### About this exercise
Your answer must be an exact copy of the data, without any pictures.

*** Supplied data ***

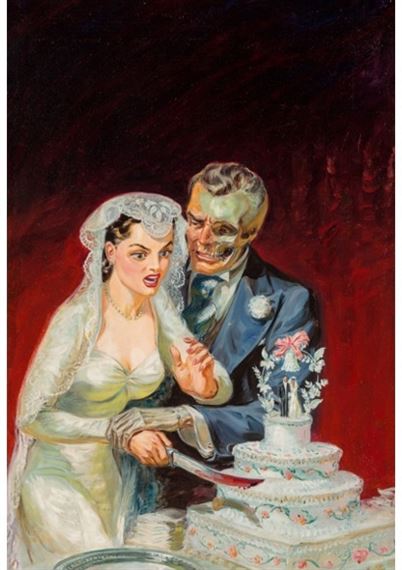 I Take Thee, Death, 15 Mystery Stories pulp magazine cover by Norman Saunders, 1950
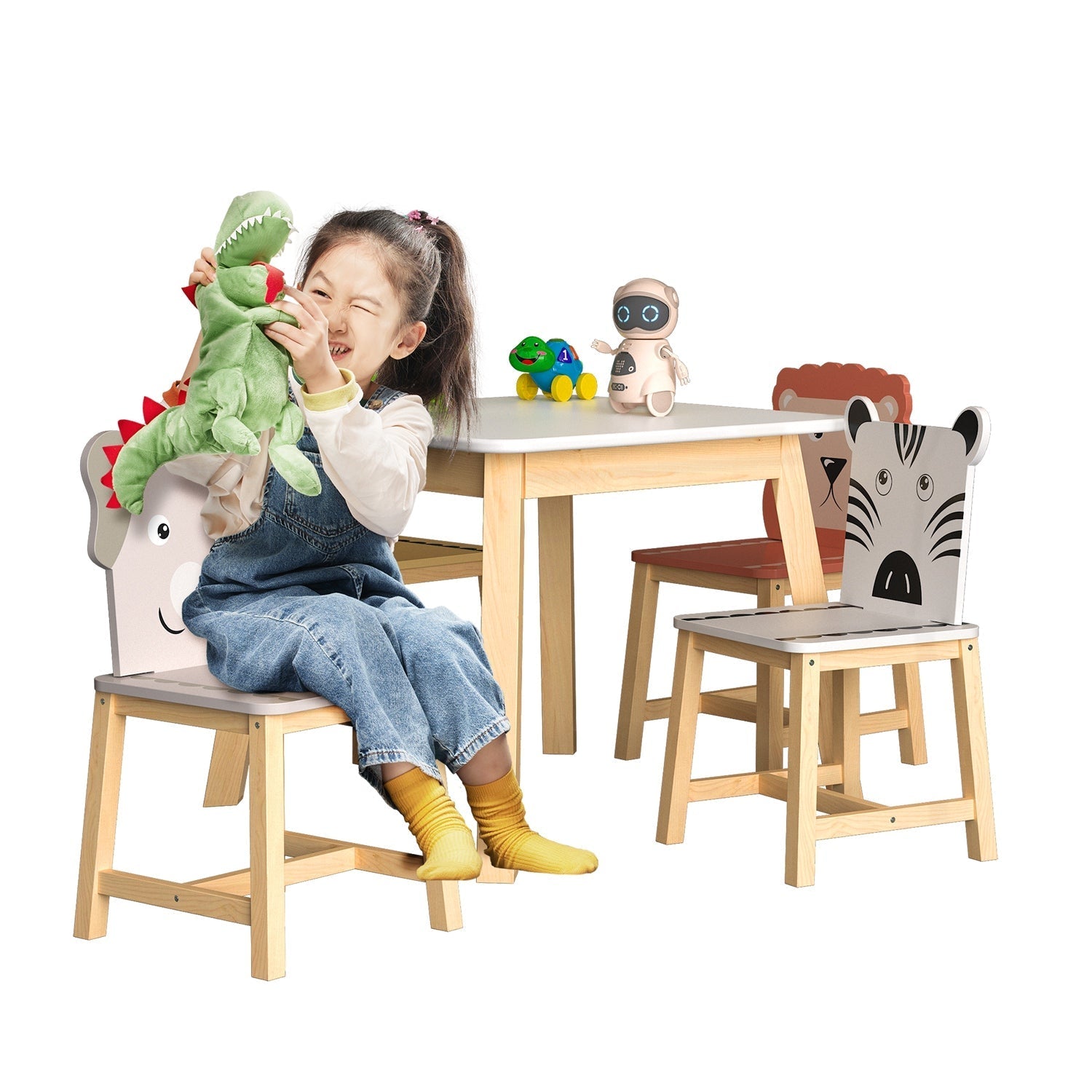Kids Table and Chair Set, 5-Piece with Animal Designs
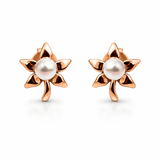 Rose Gold Tone Floral Stud Earrings with Pearl Center Elegant Design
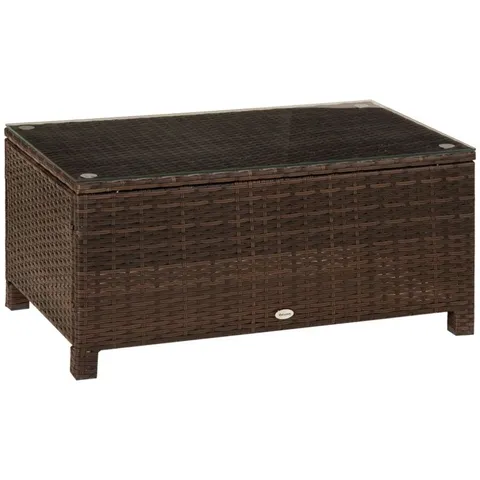 BOXED OUTSUNNY PE RATTAN GARDEN COFFEE TABLE WITH GLASS TABLE TOP - BROWN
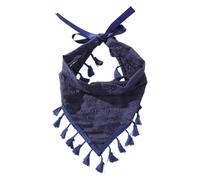 Bandana élégant blanc floral à pompons en tissu polyester doux polyvalent accessoire de coiffure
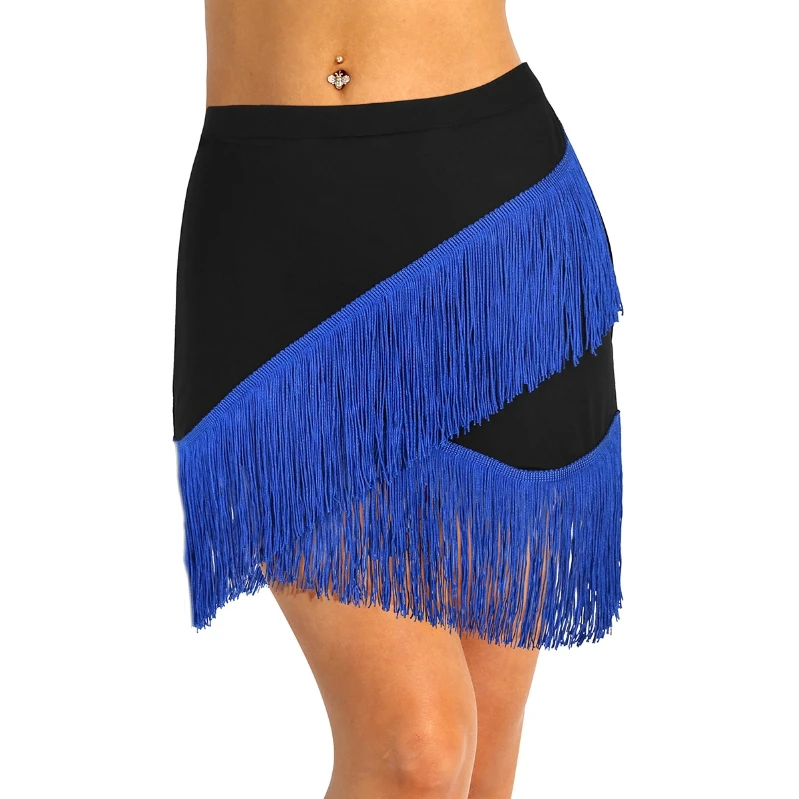 

iEFiEL Ladies Latin Dance Skirt Tassel Fringe Skirt Dancewear Tango Rumba Dancewear Performance Skirt Elastic Waist Dancewear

*** End of Supplied data ***

### Written reply
 I Take Thee, Death, 15 Mystery Stories pulp magazine cover by Norman Saunders, 1950
Kids Table and Chair Set, 5-Piece with Animal Designs
 Rose Gold Tone Floral Stud Earrings with Pearl Center Elegant Design
 BOXED OUTSUNNY PE RATTAN GARDEN COFFEE TABLE WITH GLASS TABLE TOP - BROWN
 Bandana élégant blanc floral à pompons en tissu polyester doux polyvalent accessoire de coiffure

iEFiEL Ladies Latin Dance Skirt Tassel Fringe Skirt Dancewear Tango Rumba Dancewear Performance Skirt Elastic Waist Dancewear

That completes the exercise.